そして芸能人というのは著しい発信力を持つ人々であるため、テレビなどで語られるうちに人々の間に広がっていくという構図なのだろう。存在が認識されれば妖怪=モノはいつでも登場する。

何故、「小さなおじさん」なのだろうか。妖怪の大きさには意味がある。妖怪はその大多数が人間より大きく描かれることが多い。それは妖怪という未知なるものへの恐怖心が背景にある。逆に小さな妖怪は人間に親和的で身近な存在として登場する。特に妖怪などに対して恐怖心が和らいだ近世以降小さな妖怪が多く登場するようになるという。「小さなおじさん」というのはまず、恐怖の対象ではなく、近しい存在として認識されているということが言えるだろう。
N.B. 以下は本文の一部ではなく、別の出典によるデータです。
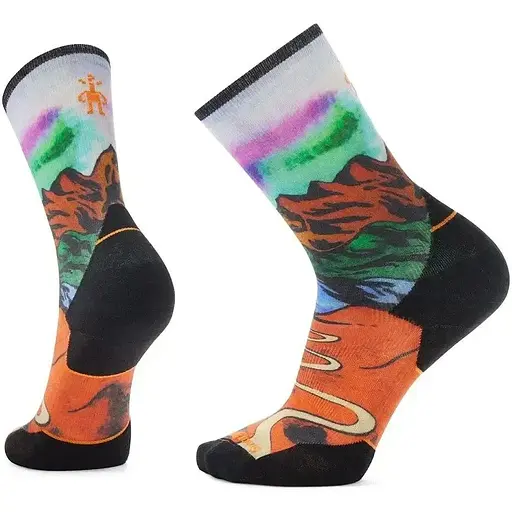 Носки Smartwool Trail Run Targeted Cushion Singletrack Print L Orange Smart Wool (1033-SW SW002267.117-L)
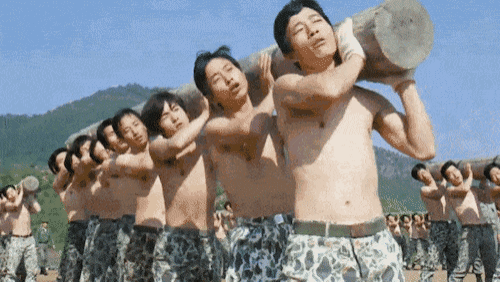 [유머] 옛날 예비군 훈련 -  와이드섬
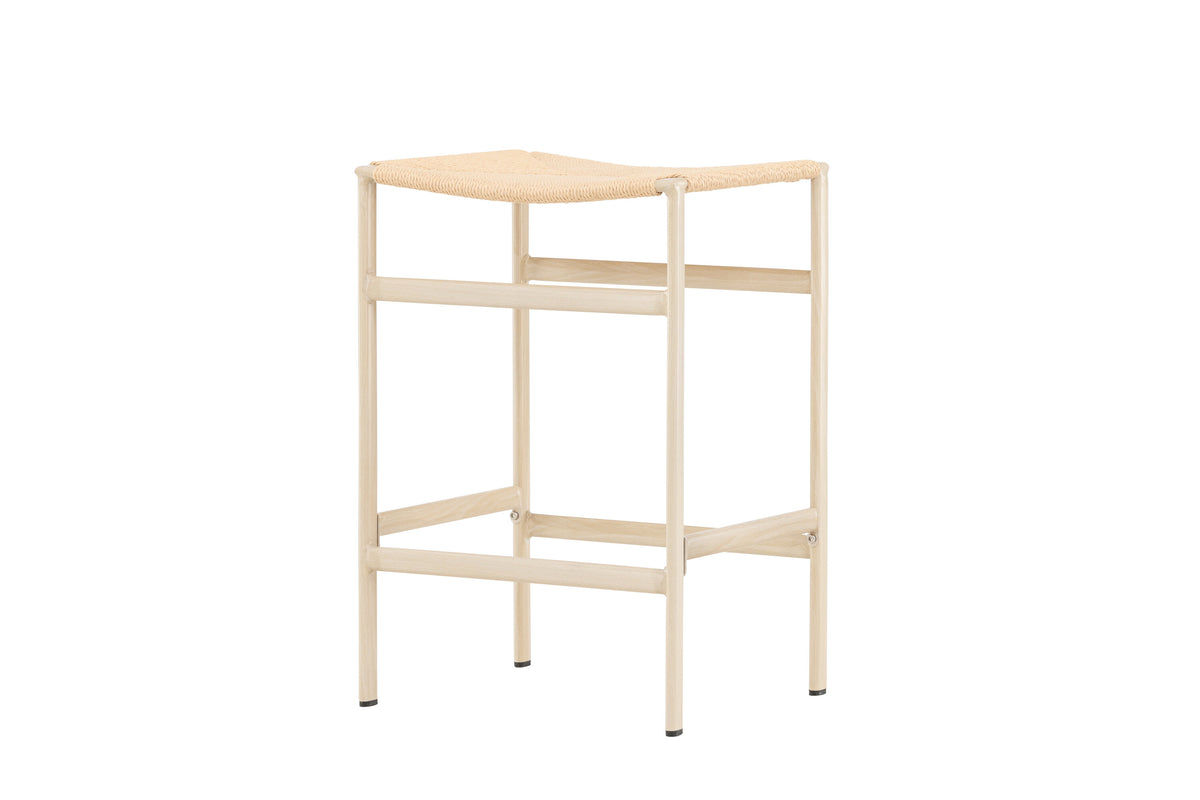 2er-Set Barhocker Polly aus Rattan - Beige - Venture Home - le canapé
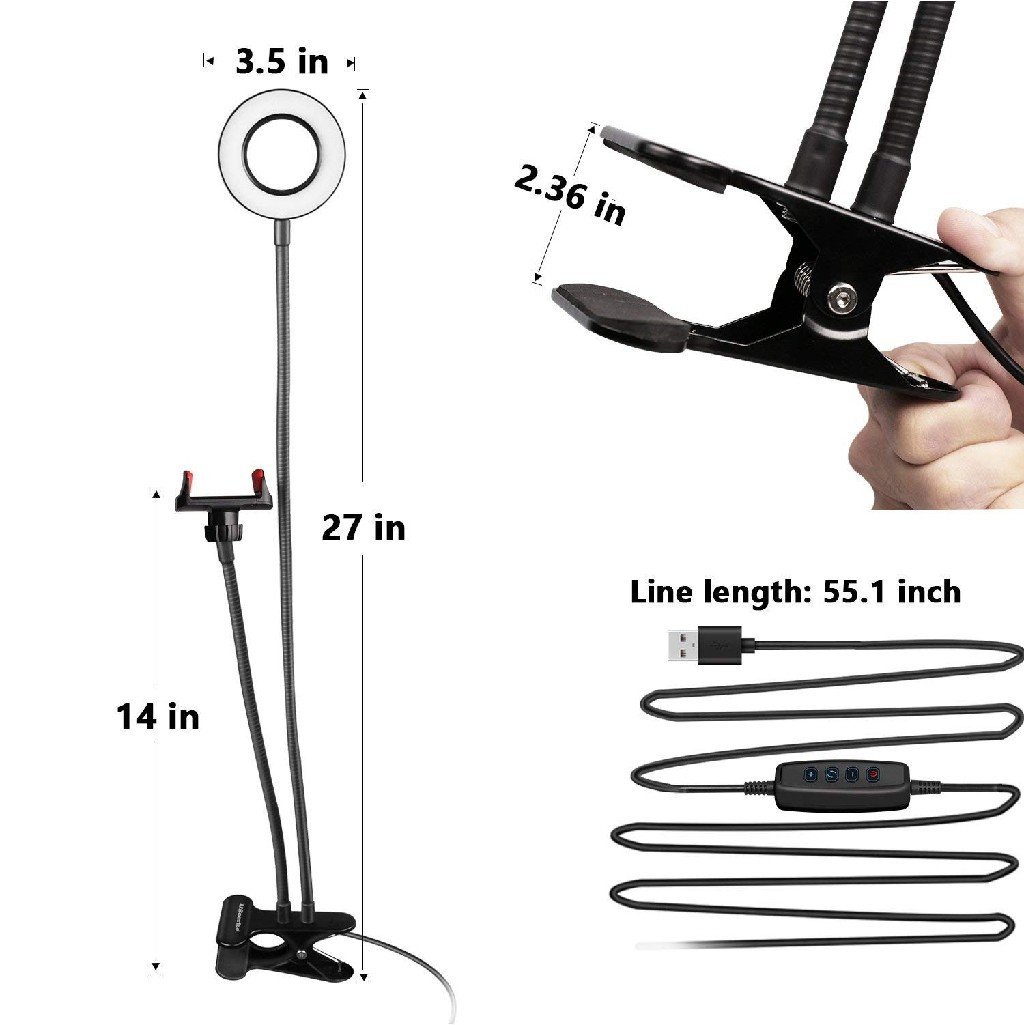 Lampe Annulaire avec Support Flexible - Image 3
ではおじいさんや少年、あるいはおばさんや少女など女性ではなく何故「おじさん」なのか。よくわからないのだが、「おじさん」に対するイメージとして仕事での苦労を共有してくれそう、とか、世間知に長けているのでアドバイスをしてくれそう、といった面やいたずら好きそう、コミカル、あるいは自身と全く異質な存在であるとかかもしれないが、ある種無害な存在としてのイメージがあるのかもしれない。「おじさん」に対する何らかのイメージと「小ささ」が持つ身近さが、その怪異現象の具現化にマッチした結果として「小さいおじさん」が登場してきたのではないか、と思う。

現象が存在をイメージし、共有されていくという面白い例の一つとして「小さいおじさん」は興味深いと思った。まぁ僕が見ることは無いだろうと思うが、「小さいおじさん」よりは「ようせいさん」に慰められてみたいものではある。